GSA schedules a place for HR line of business

In a move that underscores how the Human Resources Line of Business is maturing, the General Services Administration will establish a place on its HR schedule for commercial shared-services providers.

GSA plans to release a statement of objectives next month, and name private-sector providers by the summer.

Under an agreement with the Office of Personnel Management, GSA plans to expand the existing 738x schedule, said Norm Enger, OPM’s director of the Human Resources Line of Business Program Management Office.

The schedule already comprises contractors for human resources services and investigative and reporting services for Equal Employment Opportunity compliance. “Plans are to complete the selection of private-sector HR LOB shared-services centers by summer 2007,” he said.

The Federal Acquisition Service will administer the procurement.

Under the HR LOB schedule, vendors will perform services to certain governmental minimum standards, said Robert Lam, an executive director at Accenture LLP of Reston, Va.

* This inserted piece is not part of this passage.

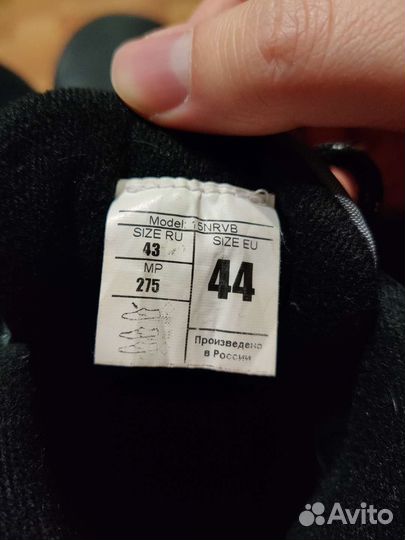 Ботинки лыжные 43. NNN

GSA will release a statement of objectives in early February as a heads-up to industry and an RFP in mid to late March, said John Sindelar, GSA’s soon-to-be-retired associate administrator of the Office of Governmentwide Policy.

OMB has named five agencies to provide shared services: the Treasury, Defense and Health and Human Services departments, the Interior Department’s National Business Center and the Agriculture Department’s National Finance Center.

“We’re seeing a lot of activity in this area [HR LOB],” Lam said.

For example, the Labor Department recently released an RFP for a public or private shared-services provider to replace its current HR and payroll systems with integrated applications.

Unlike the HR LOB, federal officials still are trying to figure out the best way of proceeding with the Financial Management Line of Business.

“It could very well be similar to HR LOB. I’m not sure that the FM LOB acquisitions plan has been documented or brought to fruition. It’s not quite as far along as the HR LOB,” Lam said.